"""

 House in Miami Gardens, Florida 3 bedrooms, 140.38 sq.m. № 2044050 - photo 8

"""
"""

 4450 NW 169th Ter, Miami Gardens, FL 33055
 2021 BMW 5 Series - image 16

"""

■ Assigned task
Copy back the listing above exactly, but only from the line with "4450 NW 169th Ter, Miami Gardens, FL 33055" through the line with "2021 BMW 5 Series - image 16", both ends included.

■ Reply
 4450 NW 169th Ter, Miami Gardens, FL 33055
 2021 BMW 5 Series - image 16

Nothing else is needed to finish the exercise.